# Maximum Magnitude Deviation between DFT and DTFT

Let $$x[n]$$ be a finite-length discrete-time signal with length $$N$$. The continuous DTFT $$X(\omega)$$ is then $$X(\omega) = \sum_{n = 0}^{N-1} x[n] e^{-j \omega n}.$$

The length-$$N$$ DFT of $$x[n]$$ is $$X[k] = \sum_{n = 0}^{N-1} x[n] e^{-j 2 \pi \frac{k n}{N}}.$$ For this, the DFT is a sampled version of the DTFT, i.e., $$X[k] = X(2\pi k / N).$$ Please also see posts here and here. Now, we consider the maximum magnitudes $$m_{\textrm{d}} = \max_k |X[k]|$$ and $$m_{\textrm{c}} = \max_\omega |X(\omega)|$$. Because of above, we have $$m_{\textrm{d}} \leq m_{\textrm{c}}$$.

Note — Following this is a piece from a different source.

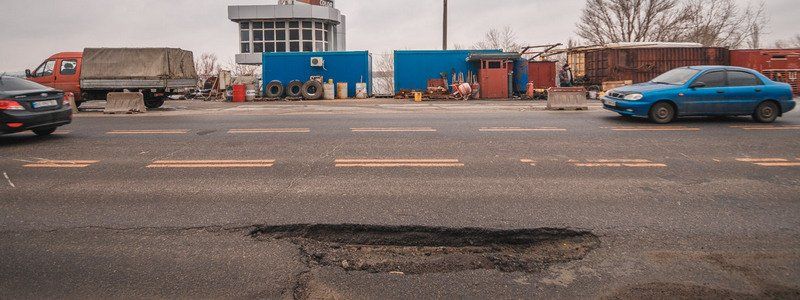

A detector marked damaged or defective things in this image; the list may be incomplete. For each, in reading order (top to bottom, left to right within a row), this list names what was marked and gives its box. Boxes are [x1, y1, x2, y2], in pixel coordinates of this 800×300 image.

large pothole [252, 223, 600, 274]
road repair patch [252, 223, 600, 274]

What is the relation between these maximum values? Is there $$\gamma > 1$$ such that $$\gamma m_{\textrm{d}} \geq m_{\textrm{c}}$$?

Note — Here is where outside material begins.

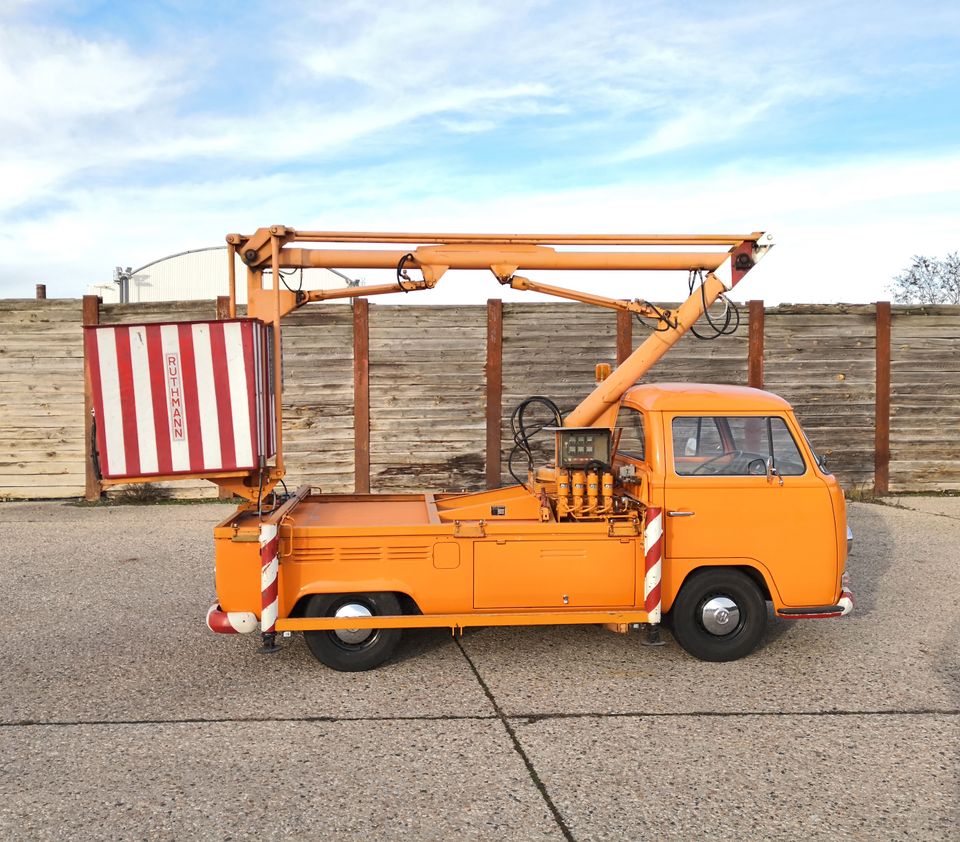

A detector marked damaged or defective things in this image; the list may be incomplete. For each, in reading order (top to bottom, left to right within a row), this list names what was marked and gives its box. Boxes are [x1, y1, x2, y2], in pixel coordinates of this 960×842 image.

pavement crack [454, 636, 572, 840]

• Hi ! First of all, an infinite length signal's DFT samples are not obtained by sampling its theoretical DTFT, so your equality is not valid, unless there's an exception or assumption that I missed? Then, assuming you wish to you perform a DFT on that infinite length signal then you have to get a truncated verison of $x[n]$, so what's your truncation length $L$ ? – Fat32 Sep 30 '18 at 20:33
• @robertbristow-johnson does the question require a little modification (according to my comment) or is there something clear (but unclear to me) about it ? – Fat32 Sep 30 '18 at 20:36
• i dunno if you clarified your question or made it worse, Sebastian. – robert bristow-johnson Oct 1 '18 at 4:36
• i gotta approach this Dirichlet thing again a little differently. – robert bristow-johnson Oct 1 '18 at 4:36
• Ok, I agree, I will revert back the definition to a finite length sequence. – Sebastian Schlecht Oct 1 '18 at 10:41

okay, i'm gonna steal a diagram from this publication:

now this is an approximation that is based on the assumption that the discrete spectral points $$|X[k]|$$ are close enough to each other that only the discrete peak:

$$m_\textrm{d} = \max_k |X[k]| = |X[m]|$$

and the two adjacent neighbors $$|X[m-1]$$ and $$|X[m+1]|$$ need be considered. (these are shown as $$k$$ in the diagram above, not $$m$$, but i don't know if i should change the convention of discrete variables we're using and i don't wanna draw out another diagram.)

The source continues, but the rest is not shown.